2,200 Viewed Germany Attack Before Twitch Removed Post
The live-streaming platform, owned by Amazon, has struggled to police content as it is posted.

Twitch, the Amazon-owned live-streaming platform known for its video game content, is developing another, darker reputation as a place to find footage of mass shootings.
On Wednesday, a heavily armed man with a head-mounted camera live-streamed his shooting rampage in Halle, Germany, on Twitch for more than 35 minutes. Two people were killed and two others injured in the attack, which took place outside a synagogue and in a kebab shop.
Twitch said on Twitter that only five people had watched the live stream of the shooting.

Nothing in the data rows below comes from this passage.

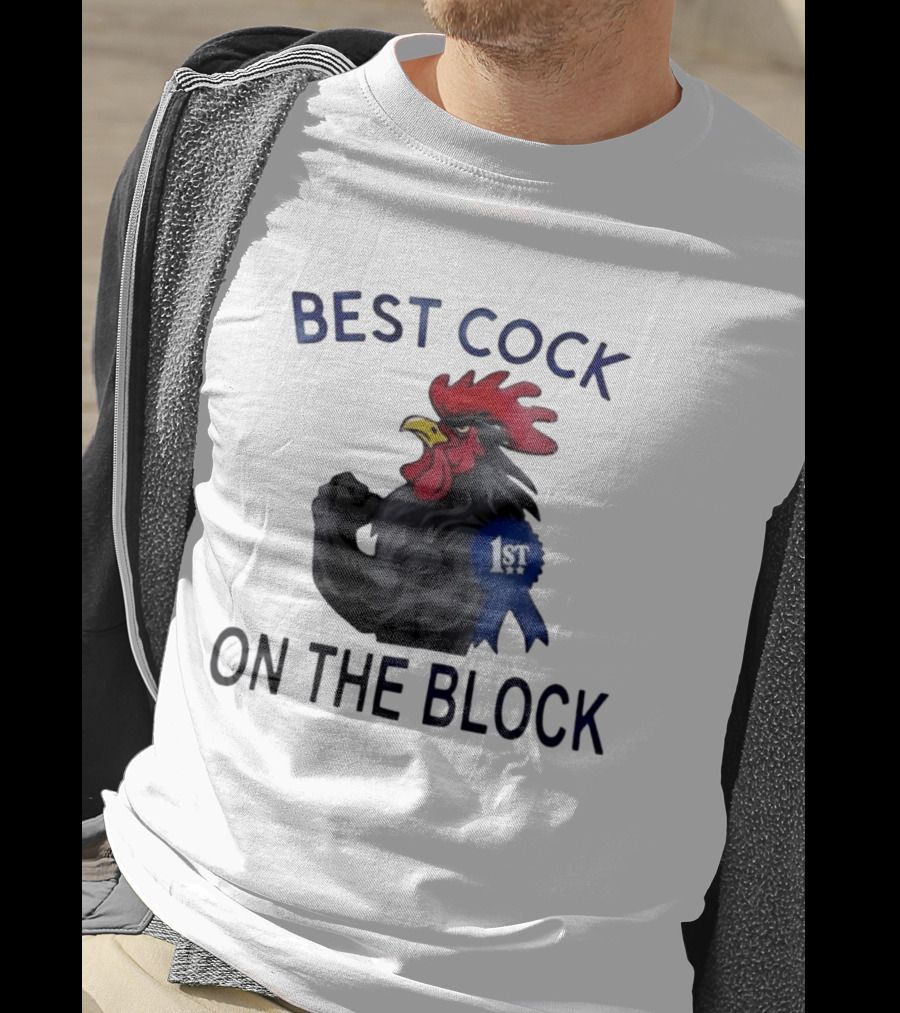 Best Cock On The Block Muscular Rooster 1st Place Ribbon T-Shirt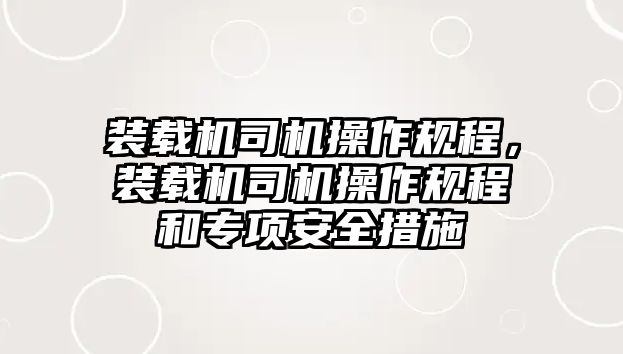 裝載機(jī)司機(jī)操作規(guī)程，裝載機(jī)司機(jī)操作規(guī)程和專項(xiàng)安全措施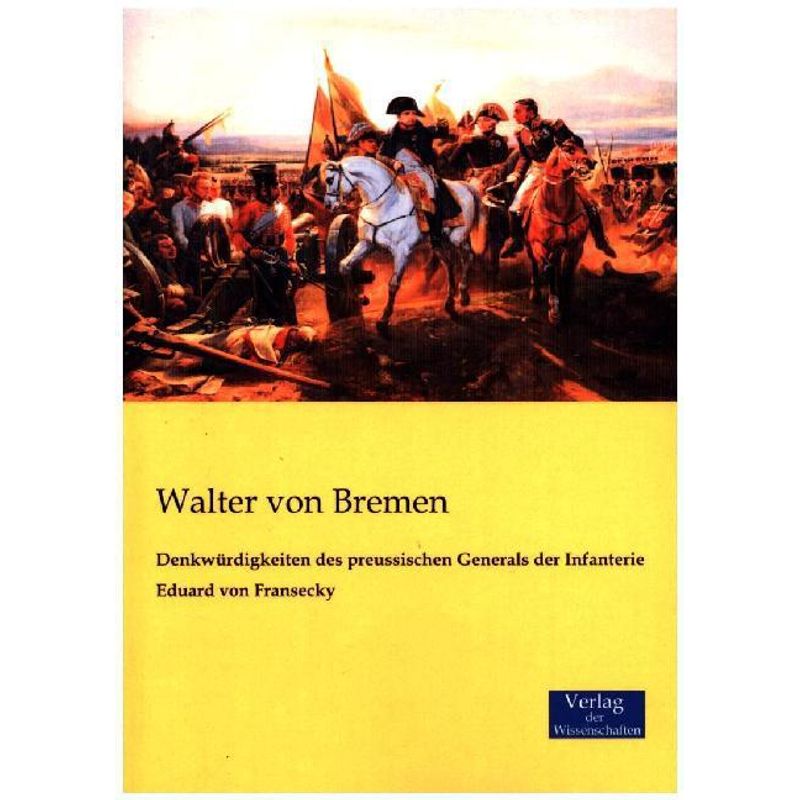 Denkwürdigkeiten Des Preussischen Generals Der Infanterie Eduard Von Fransecky - Walter von Bremen, Kartoniert (TB) von Verlag der Wissenschaften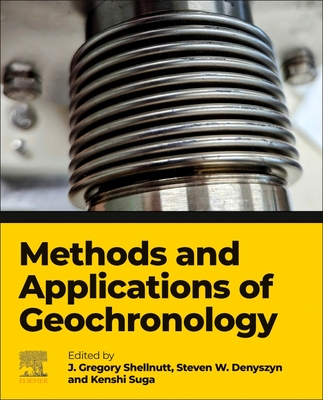 Methods and Applications of Geochronology - Shellnutt, Gregory (Editor), and Denyszyn, Steve (Editor), and Suga, Kenshi (Editor)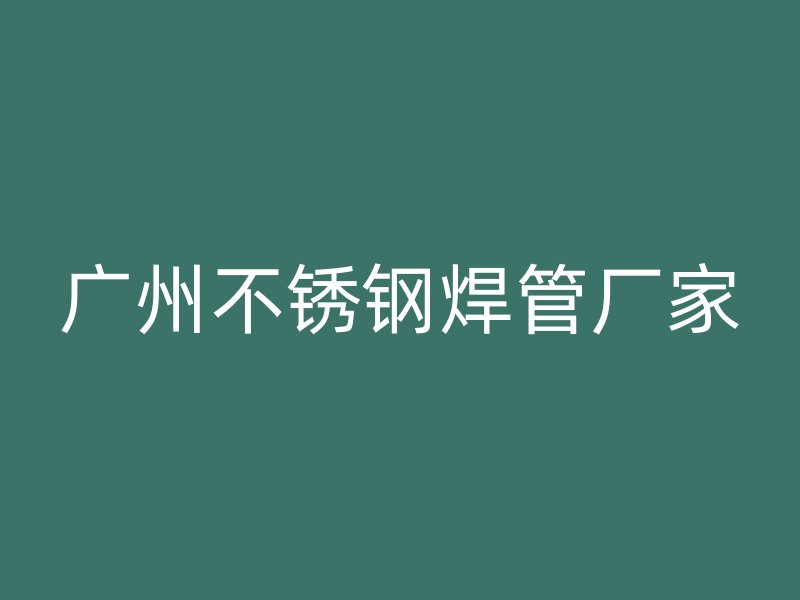 广州不锈钢焊管厂家
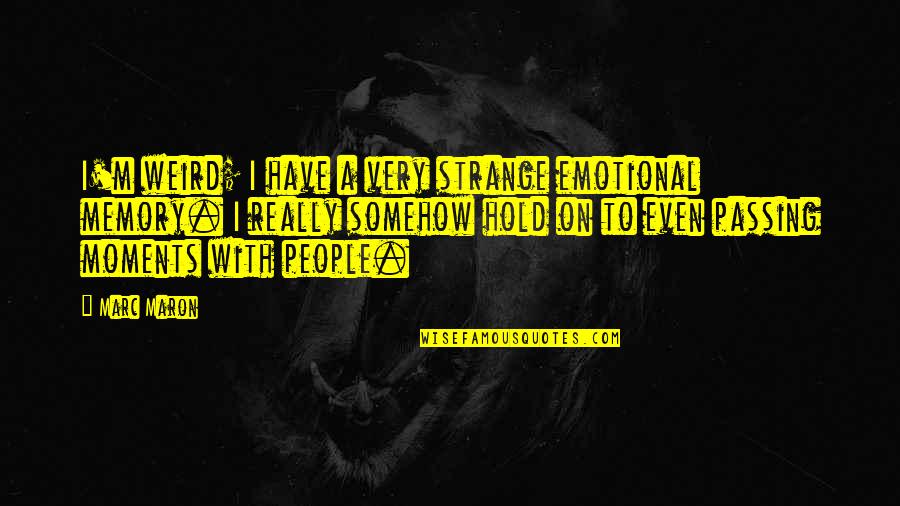 Really Strange Quotes By Marc Maron: I'm weird; I have a very strange emotional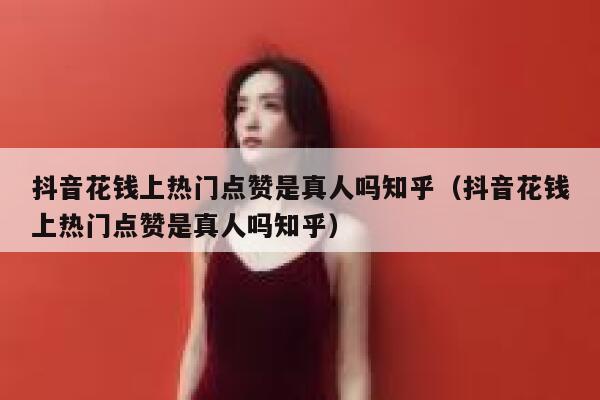 抖音花钱上热门点赞是真人吗知乎（抖音花钱上热门点赞是真人吗知乎） 第1张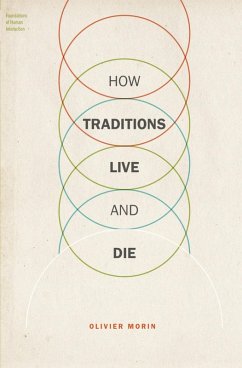 How Traditions Live and Die (eBook, ePUB) - Morin, Olivier
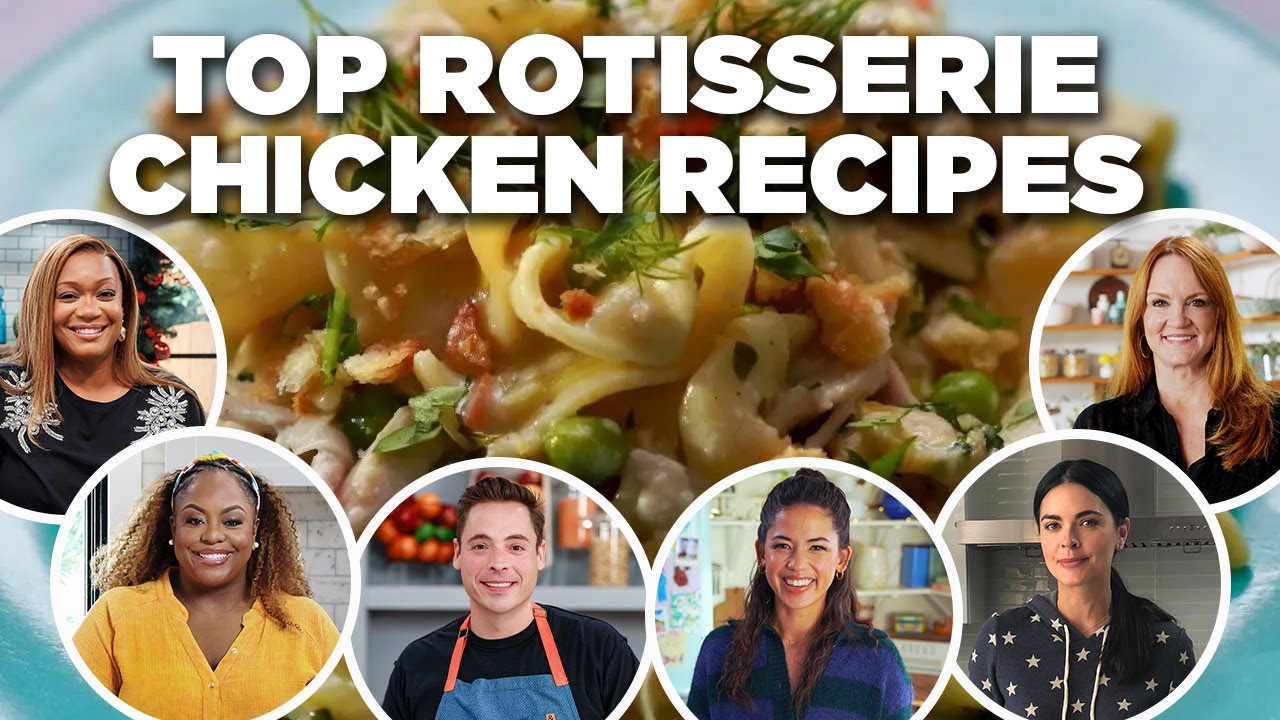 Food Network Chefs' Top Rotisserie Chicken Recipe Videos | Food Network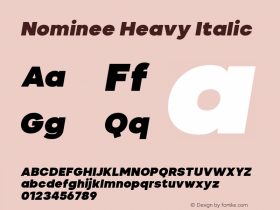 Nominee Heavy Italic Version 1.000;PS 001.000;hotconv 1.0.88;makeotf.lib2.5.64775图片样张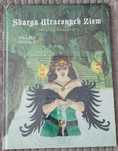 Skarga Utraconych Ziem, Tom 3, Czarownice, Regina Obscura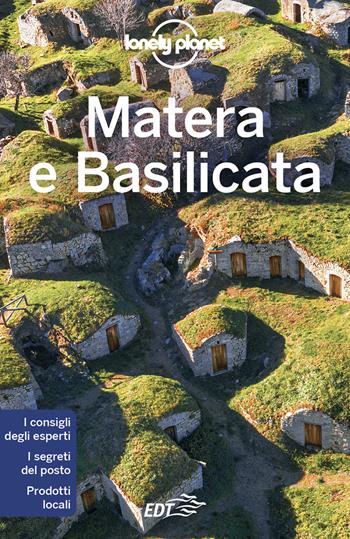 Matera e Basilicata - Remo Carulli - Libro Lonely Planet Italia 2022, Guide EDT/Lonely Planet | Libraccio.it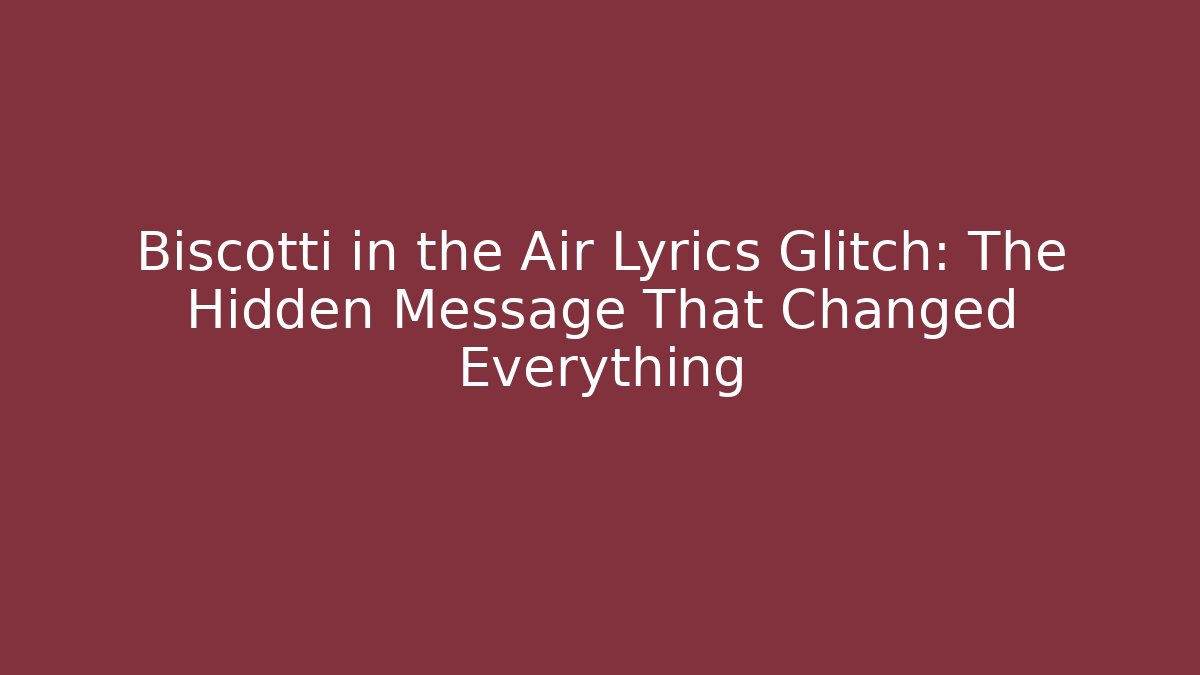 Biscotti in the Air Lyrics Glitch: The Hidden Message That Changed Everything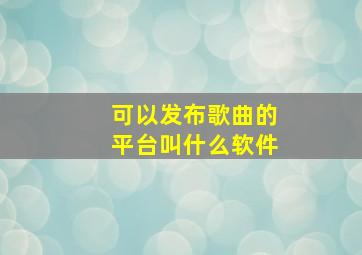 可以发布歌曲的平台叫什么软件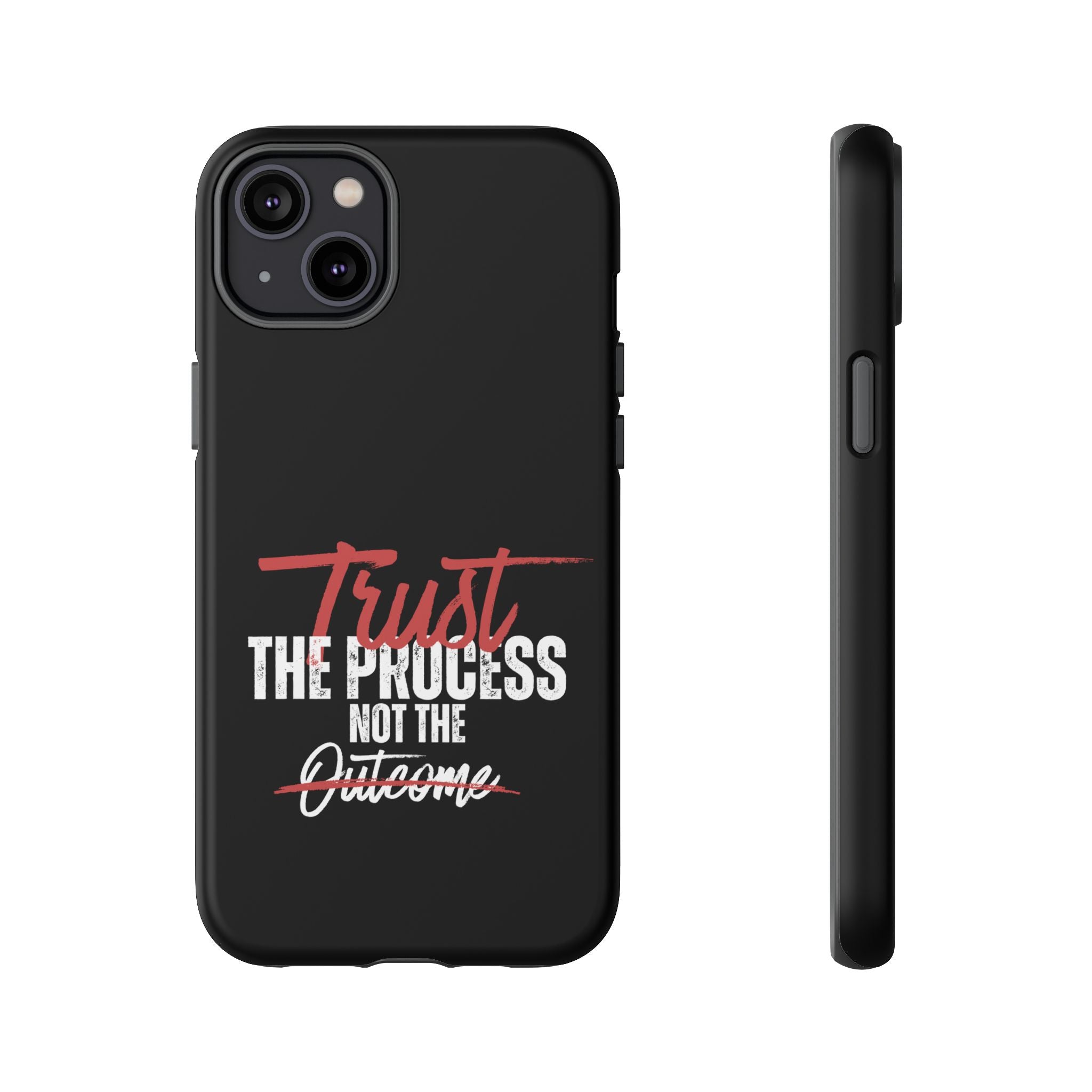 Tough Case – “Trust The Process” Motivational Phone Case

But 2,200 people viewed a recording of the attack, which stayed up for 30 minutes before it was flagged and removed.
More people watch live streams on Twitch than on any other digital platform, including YouTube and Facebook, according to a report from StreamElements. But the platform has struggled to police content as it is posted.
Last year, a Twitch live stream from a gaming tournament in Jacksonville, Fla., captured part of a shooting in which three people, including the gunman, died. In June, Twitch sued users who had posted footage of an attack in March involving mosques in Christchurch, New Zealand.
On Wednesday, the company said in a statement that it was “shocked and saddened” by the shooting in Germany.
“Twitch has a zero-tolerance policy against hateful conduct, and any act of violence is taken extremely seriously,” Brielle Villablanca, a spokeswoman for Twitch, said in the statement. “We worked with urgency to remove this content and will permanently suspend any accounts found to be posting or reposting content of this abhorrent act.”
But footage and clips of the attack began to proliferate quickly on other platforms, including Twitter and the video publishing site Streamable. Versions of the video reached more than 15,000 accounts on the messaging platform Telegram within half an hour, according to an analysis by Megan Squire, a computer science professor at Elon University in North Carolina.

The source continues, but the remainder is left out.